WARNING: When you set up a queue name for particular task (let's say high) and have running workers under no particular queue like this:
celery worker -E -l INFO -n worker.whatever
When the queue named high is full and its workers are busy processing tasks, your pending task will be executed by one of the workers which do not listen to specific queue. So, when it comes to task queue separation please be careful.
Try to keep tasks simple
Which simply means not to put your business logic into the task. For example, if you want to send emails using Celery, define your core email sending function outside:
from .utils import generate_report, send_email
@app.task(bind=True)
def send_report():
filename = generate_report()
send_email(subject, message, attachments=[filename])

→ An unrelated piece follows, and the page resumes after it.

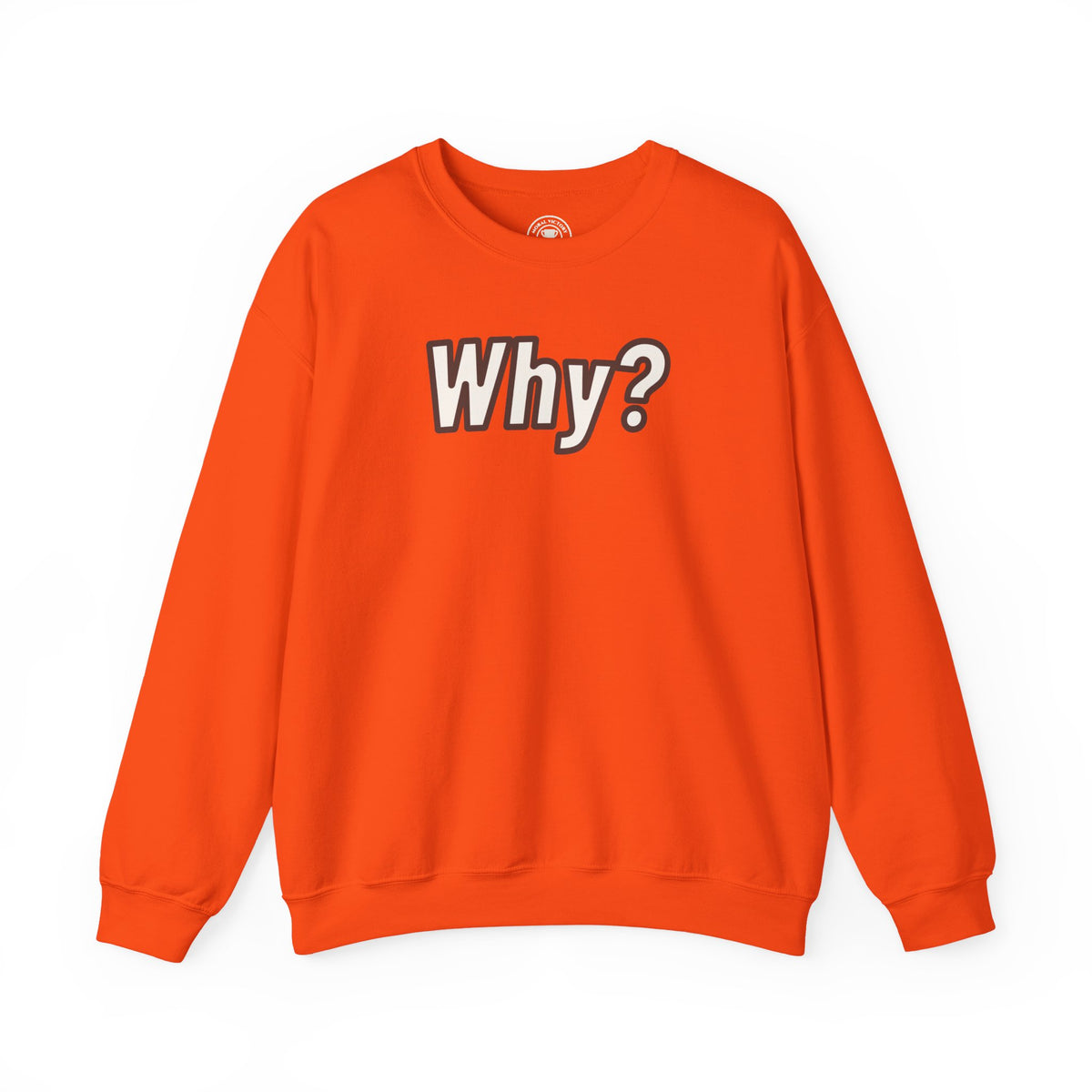 Why? Adult Crewneck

This is more flexible approach during unit testing.
Use task monitoring systems
The best practice here is to use Flower web app as a task execution monitor. Use it on a daily basis. Spend some time to investigate this tool, it pays off.
Do not provide ORM object in arguments
Django ORM is great. But providing ORM objects/model instances as arguments to celery task functions is a bad taste. Let's explore following example:
from .models import Profile
@app.task(bind=True):
def send_notification(profile):
send_email(profile.user.email, subject, message_body)
profile.notified = True
profile.save()
def notify_user():
profile = Profile.objects.get(id=1)
check_smthng()
send_notification.delay(profile)
profile.activated = True
profile.save()
Probably not the best example to demostrate the side-effect, but anyway. When the task is executed, profile.activated will still be equal to False even if the code below task invocation will be executed first. The best practice here is to provide database ID and then retrieve object using it.
Provide task timeout
It is always better to provide timeout for task execution. You can do this using the following approaches:
- Provide to @app.task decorator arguments soft_time_limit and time_limit
- Globally set up a timeout for particular worker providing specific arguments (CELERYD_TASK_SOFT_TIME_LIMIT, CELERYD_TASK_TIME_LIMIT)
Setting up a timelimit is very important in order to avoid worker "freeze" and queue "deadlock".